* **DATA FOR PROCESSING**:
Content starts

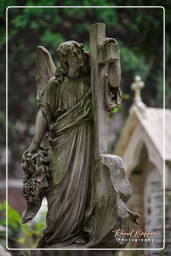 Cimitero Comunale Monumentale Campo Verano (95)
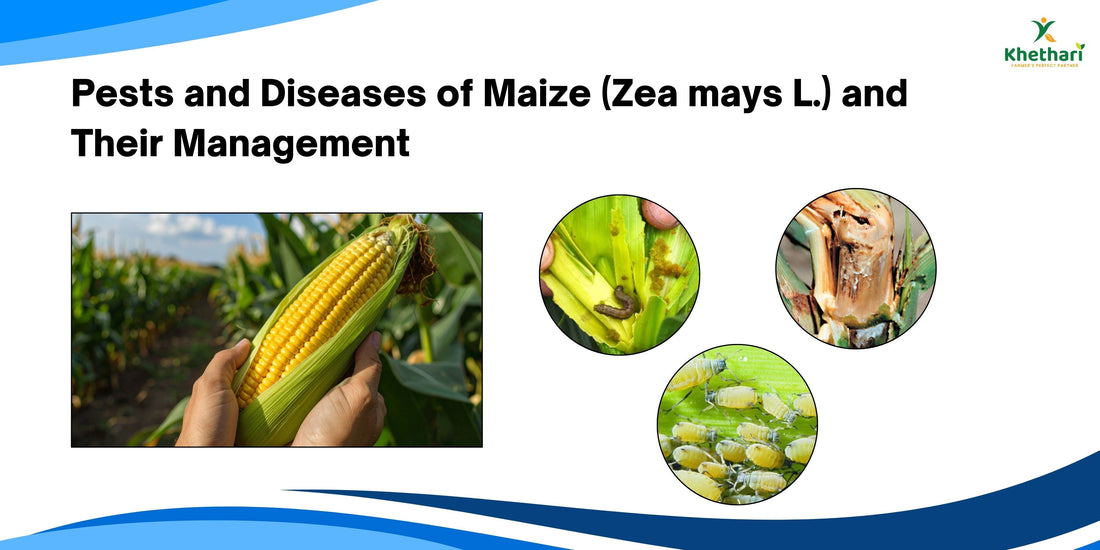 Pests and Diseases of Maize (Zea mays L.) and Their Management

Content ends
Content starts

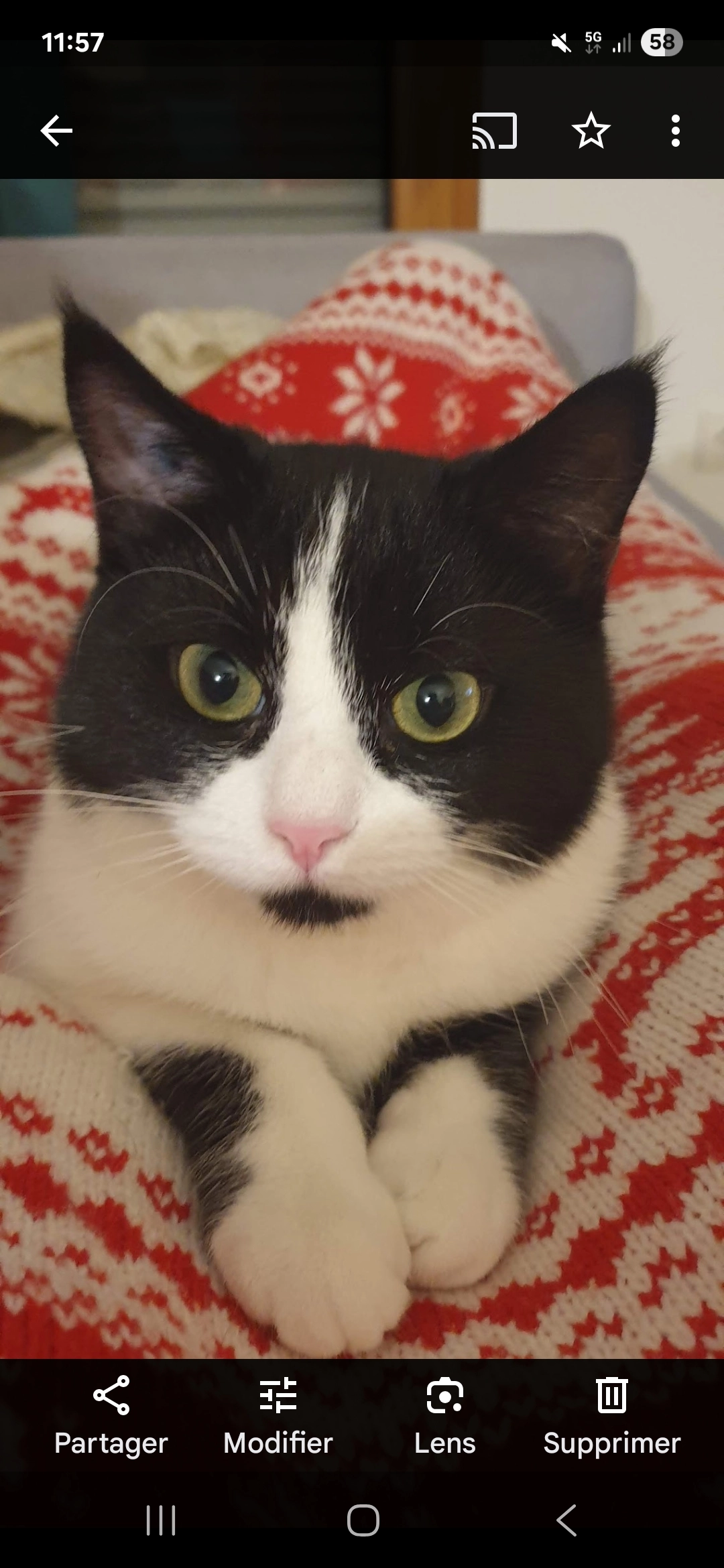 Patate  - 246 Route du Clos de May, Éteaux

Content ends
Content starts

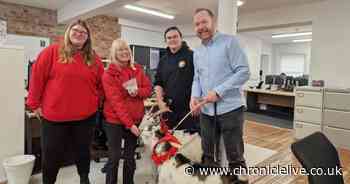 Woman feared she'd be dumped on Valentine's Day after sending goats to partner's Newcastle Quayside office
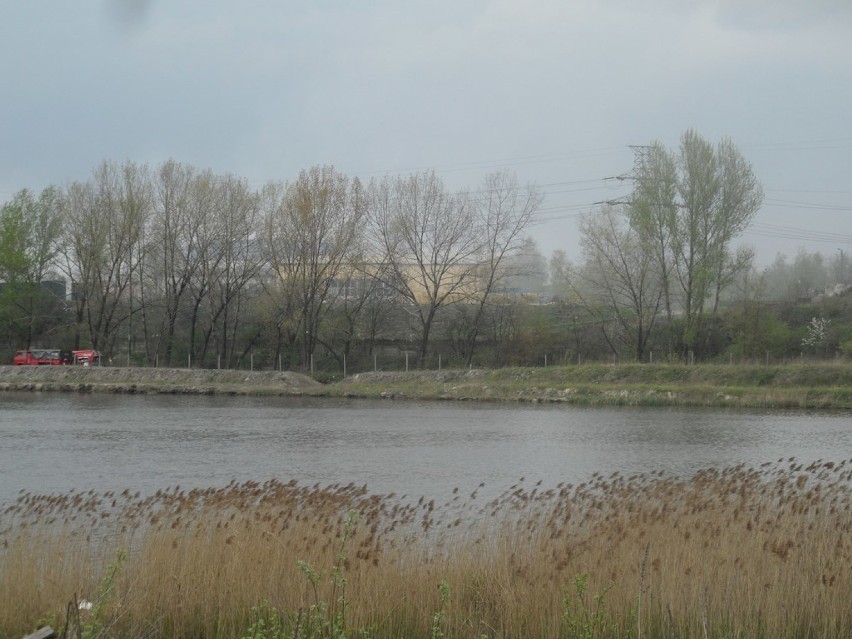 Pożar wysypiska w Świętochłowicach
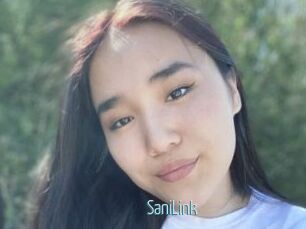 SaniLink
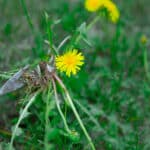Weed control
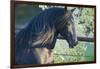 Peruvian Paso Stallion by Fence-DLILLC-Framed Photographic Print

Content ends

* **EXERCISE**: Starting at the line above that has "Cimitero Comunale Monumentale" and ending at the line that has "Pests and Diseases", copy each line exactly, leaving the pictures out and adding nothing.

* **WRITTEN SOLUTION**:
 Cimitero Comunale Monumentale Campo Verano (95)
 Pests and Diseases of Maize (Zea mays L.) and Their Management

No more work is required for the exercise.